A language can be heavily Sanskritized, yet distinctively Dravidian,
examples: Malayalam and Telugu.

In fact, the least Sanskritized  language in colloquial use is colloquial Hindi (also known as Hindustani),
people would rather die than utter *pustak *(instead of kitab) or *hriday *(instead of dil). In spoken Hindi, it's the Urdu/Arabic/Persian-loans what it's considered cute and poetic.


----------



## Shyam Krishnan

Tamil has 100s of words from Sanskrit. Both languages have existed in the same land mass for 1000s of years barely separated by 1000 kilometers or so . So how can both remain isolated ? The following are the sanskrit derived words in tamil which I can say right now . Explanation of relation / origin is provided in brackets 

amma ( From sanskrit mata . Original tamil word tai is depreciated ) , raja (Original tamil word mannan is no longer used) , dooram ( Hindi word door for distance) , varam ( same as var in Hindia for week ) , dinam ( Same as din in Hindi) , masam ( fo / mahina ) , saukyam ( Same as Sukh in Hindi ) , suryan ( Sury , Sun ) , Chandran ( Hind: Chand ) . Also most modern day tamil first names are of Sanskrit origin due to religious reasons . More sanskrit dervied words: sansaram ( Hindi Sansar ) , Padkarathu ( Hindi Padna for learning) , mama ( Same as Hindi Mama ) , papam ( Hindi Pap of religious origin ), nasam ( Hindi word Nash )  , Manithan ( Hindi : Manushy) ,  Meen ( Sanskrit: Matsya. This could be a world from Tamil to Sanskrit , the other way around) , Kavitai ( Hindi Kavita for poem)

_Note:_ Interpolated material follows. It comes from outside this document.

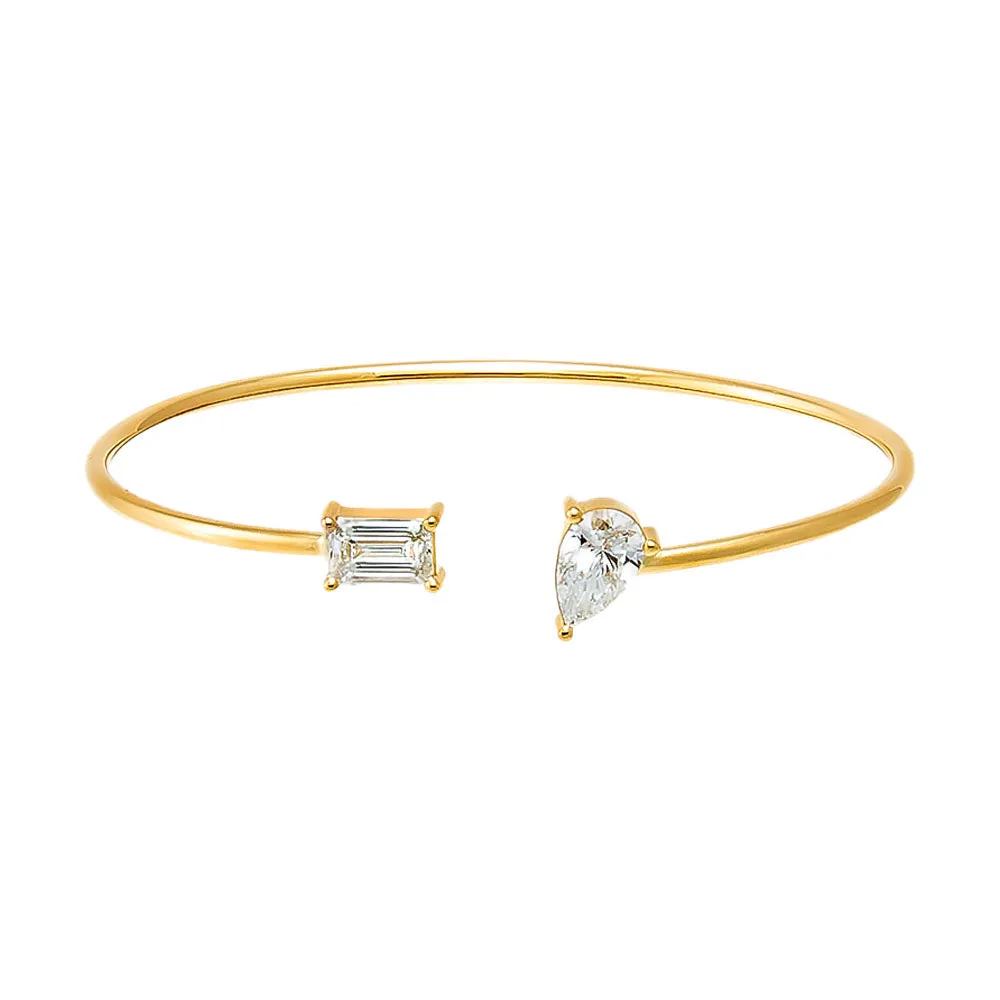 Lab Grown Diamond Pear X Baguette Open Bangle 14K sold by Adina Eden's product image thumbnail 2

     Since both languages are old, it is quiet obvious that a lot of borrowings of words has ocurred. Some borrowing of syntax and script has also ocurred between both languages.

     The current anti hindi attitude prevalent among some Tamilians is purely of Political origin and has no historical basis. The names  Karuna Nidhi and Jaya lalitha , both super heads of dravidian parties , are sansrit words  ,which proves the base lesssnes of these political movements.

Shyam


----------